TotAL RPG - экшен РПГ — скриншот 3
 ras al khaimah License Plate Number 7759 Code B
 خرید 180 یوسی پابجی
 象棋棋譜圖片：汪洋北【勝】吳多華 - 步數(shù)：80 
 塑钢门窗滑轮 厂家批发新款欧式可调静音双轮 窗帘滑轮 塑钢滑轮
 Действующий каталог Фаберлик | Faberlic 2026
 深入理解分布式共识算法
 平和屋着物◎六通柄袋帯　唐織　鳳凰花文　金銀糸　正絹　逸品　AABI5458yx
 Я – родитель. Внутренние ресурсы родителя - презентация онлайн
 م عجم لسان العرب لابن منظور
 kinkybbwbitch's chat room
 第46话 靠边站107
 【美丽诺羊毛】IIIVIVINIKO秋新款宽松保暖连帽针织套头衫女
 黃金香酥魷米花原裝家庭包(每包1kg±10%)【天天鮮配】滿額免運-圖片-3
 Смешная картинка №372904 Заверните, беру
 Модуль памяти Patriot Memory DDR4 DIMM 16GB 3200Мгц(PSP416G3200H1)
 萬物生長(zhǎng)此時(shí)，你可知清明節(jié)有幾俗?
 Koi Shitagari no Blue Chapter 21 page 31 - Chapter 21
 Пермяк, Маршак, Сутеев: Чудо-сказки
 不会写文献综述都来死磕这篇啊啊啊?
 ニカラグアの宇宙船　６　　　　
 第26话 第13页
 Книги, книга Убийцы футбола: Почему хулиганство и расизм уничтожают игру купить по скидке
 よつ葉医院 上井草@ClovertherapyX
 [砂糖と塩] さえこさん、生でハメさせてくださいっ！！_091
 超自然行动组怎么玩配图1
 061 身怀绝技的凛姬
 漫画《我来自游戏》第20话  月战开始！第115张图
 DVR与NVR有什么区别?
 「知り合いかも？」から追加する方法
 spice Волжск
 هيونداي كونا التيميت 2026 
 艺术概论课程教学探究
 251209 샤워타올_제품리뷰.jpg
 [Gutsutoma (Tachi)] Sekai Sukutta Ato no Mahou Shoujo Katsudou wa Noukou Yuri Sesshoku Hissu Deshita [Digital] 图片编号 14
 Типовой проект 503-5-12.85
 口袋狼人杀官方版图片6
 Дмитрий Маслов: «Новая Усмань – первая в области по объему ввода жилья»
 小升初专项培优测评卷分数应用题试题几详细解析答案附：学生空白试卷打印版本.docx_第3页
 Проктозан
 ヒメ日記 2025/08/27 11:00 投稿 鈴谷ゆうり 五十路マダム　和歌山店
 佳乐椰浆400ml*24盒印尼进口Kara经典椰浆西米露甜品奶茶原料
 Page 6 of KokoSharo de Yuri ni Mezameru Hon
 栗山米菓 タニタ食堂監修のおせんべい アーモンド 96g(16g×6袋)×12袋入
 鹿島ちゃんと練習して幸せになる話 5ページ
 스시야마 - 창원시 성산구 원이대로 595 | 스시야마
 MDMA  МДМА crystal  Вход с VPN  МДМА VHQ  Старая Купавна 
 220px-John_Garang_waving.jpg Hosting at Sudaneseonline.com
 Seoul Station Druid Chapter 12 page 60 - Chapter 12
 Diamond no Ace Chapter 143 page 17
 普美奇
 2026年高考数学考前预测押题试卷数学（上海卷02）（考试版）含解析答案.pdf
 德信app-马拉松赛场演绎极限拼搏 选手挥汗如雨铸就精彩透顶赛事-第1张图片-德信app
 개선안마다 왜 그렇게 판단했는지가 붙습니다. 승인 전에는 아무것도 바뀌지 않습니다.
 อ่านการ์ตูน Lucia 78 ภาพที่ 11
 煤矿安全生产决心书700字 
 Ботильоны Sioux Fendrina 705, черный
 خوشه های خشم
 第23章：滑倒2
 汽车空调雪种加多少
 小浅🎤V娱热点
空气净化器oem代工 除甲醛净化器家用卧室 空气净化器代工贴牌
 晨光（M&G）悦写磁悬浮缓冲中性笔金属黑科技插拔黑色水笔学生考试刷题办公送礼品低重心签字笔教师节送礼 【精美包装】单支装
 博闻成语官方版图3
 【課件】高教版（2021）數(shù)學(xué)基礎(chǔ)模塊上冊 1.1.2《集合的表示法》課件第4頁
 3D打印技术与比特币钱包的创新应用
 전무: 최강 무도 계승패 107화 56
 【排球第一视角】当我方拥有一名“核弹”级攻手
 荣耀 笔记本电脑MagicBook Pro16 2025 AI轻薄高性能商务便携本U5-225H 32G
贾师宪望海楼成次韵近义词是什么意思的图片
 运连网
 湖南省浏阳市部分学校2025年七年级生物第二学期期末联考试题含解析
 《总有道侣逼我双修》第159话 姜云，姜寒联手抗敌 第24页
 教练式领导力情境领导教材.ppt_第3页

— EXERCISE REQUIREMENTS —
Which lines in the records above include the word "Yuri"? Copy them out.

— YOUR SOLUTION —
 [Gutsutoma (Tachi)] Sekai Sukutta Ato no Mahou Shoujo Katsudou wa Noukou Yuri Sesshoku Hissu Deshita [Digital] 图片编号 14
 Page 6 of KokoSharo de Yuri ni Mezameru Hon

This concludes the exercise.